It’s Fall and that means that our CSA box is starting to fill with root vegetables. Onions, potatoes, celery, and beets have all made appearances in recent weeks. Hopefully they will continue to show up in our boxes along with other root vegetables such as rutabagas, parsnips, and turnips. Take well to all sorts of cooking techniques, from frying and sauteing, to boiling, roasting, braising and pickling. Raw they can often have a sharp, but pleasant bite, but cooking them slowly oftentimes draws out their intrinsic sweetness, mellowing them and lending a deep, rich earthiness to many dishes.
As a kid I hated beets, and even as an adult they were probably the last root vegetable for me to imbrace, but now that I have I love them and look forward to both the Spring and Fall crops when beets can be found fresh, locally. Luckily for me, our CSA farm did produce both a Spring crop which was quickly used up and a Fall crop which has been showing up in our boxes the last couple of weeks. The first week was a nice large bunch of typical red beets, but the other week saw a mix of golden and Chioggia (red and white striped) beets.
Hopefully, you like beets as much as I do. If not, your out of luck as the next 3-5 posts will all be revolving around beets. I hope you enjoy these brightly colored, gifts of nature as much as I do.
Beet and Blue Cheese Spread
adapted from Cooking Light Feb. 2008
1 pound beets, medium sized
2 apples (any tart variety will work well)

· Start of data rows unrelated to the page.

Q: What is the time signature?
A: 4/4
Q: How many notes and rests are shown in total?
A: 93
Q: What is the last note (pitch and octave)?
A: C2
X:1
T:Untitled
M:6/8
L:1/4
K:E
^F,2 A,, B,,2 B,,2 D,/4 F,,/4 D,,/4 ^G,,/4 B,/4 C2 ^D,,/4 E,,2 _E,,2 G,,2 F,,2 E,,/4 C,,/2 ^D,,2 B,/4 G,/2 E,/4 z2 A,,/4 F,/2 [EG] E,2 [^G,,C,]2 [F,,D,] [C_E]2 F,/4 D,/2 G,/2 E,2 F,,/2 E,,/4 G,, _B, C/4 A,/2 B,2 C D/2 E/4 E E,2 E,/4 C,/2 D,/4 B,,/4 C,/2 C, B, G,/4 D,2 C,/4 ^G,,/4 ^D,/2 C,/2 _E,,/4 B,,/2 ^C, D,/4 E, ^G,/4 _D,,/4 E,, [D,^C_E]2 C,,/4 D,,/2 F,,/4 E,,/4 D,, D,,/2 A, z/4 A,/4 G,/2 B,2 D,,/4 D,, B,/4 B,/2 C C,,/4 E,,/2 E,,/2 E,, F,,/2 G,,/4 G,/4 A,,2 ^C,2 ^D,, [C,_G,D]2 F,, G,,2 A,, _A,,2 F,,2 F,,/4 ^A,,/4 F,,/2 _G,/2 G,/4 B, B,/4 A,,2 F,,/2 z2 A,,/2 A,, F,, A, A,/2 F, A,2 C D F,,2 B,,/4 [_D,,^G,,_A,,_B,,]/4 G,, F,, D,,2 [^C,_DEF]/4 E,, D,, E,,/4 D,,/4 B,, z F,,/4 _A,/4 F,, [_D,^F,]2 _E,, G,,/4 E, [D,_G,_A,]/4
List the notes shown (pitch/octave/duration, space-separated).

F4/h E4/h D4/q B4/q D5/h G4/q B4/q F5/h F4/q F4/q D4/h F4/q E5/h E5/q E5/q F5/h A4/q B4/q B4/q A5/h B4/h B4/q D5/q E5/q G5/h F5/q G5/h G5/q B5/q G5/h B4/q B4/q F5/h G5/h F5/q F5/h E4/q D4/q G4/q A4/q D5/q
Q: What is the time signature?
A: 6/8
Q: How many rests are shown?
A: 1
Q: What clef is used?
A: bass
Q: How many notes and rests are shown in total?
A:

1/3 cup blue cheese, crumbled (I used Gorgonzola)
1 1/2 Tbl. horseradish
Trim beets of any greens, rinse well, removing all dirt and place in a baking dish. Add 1/4 cup of water, cover with foil and bake at 350°F for 1 hour, or until the beets feel tender when pricked with a knife. Allow to cool then trim off root and stem ends and peel. Roughly chop and place in a food processor. Peel, core and chop the apples, placing them in the processor along with the blue cheese and horseradish. Process until well blended and somewhat smooth. Serve with crackers or toasted pita chips.